### TASK DETAILS
Scan the material below and copy every line holding the word "with".

### SOURCE DATA

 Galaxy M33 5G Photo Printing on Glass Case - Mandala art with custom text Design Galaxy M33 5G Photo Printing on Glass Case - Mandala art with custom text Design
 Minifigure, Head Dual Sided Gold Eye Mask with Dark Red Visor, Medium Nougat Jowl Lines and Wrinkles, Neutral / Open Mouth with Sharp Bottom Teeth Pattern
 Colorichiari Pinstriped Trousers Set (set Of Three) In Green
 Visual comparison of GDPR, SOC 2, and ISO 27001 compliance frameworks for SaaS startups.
* * *
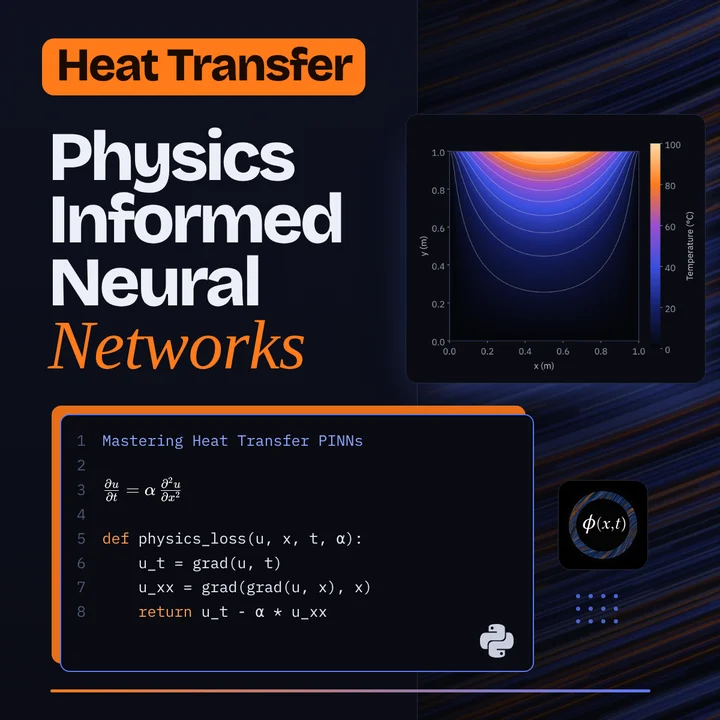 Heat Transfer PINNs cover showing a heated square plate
--
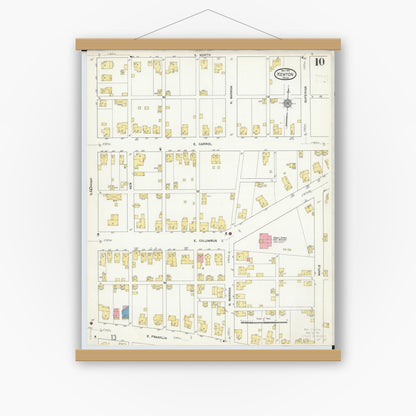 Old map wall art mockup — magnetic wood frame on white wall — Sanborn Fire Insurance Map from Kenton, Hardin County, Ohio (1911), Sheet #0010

### TASK OUTPUT
 Galaxy M33 5G Photo Printing on Glass Case - Mandala art with custom text Design Galaxy M33 5G Photo Printing on Glass Case - Mandala art with custom text Design
 Minifigure, Head Dual Sided Gold Eye Mask with Dark Red Visor, Medium Nougat Jowl Lines and Wrinkles, Neutral / Open Mouth with Sharp Bottom Teeth Pattern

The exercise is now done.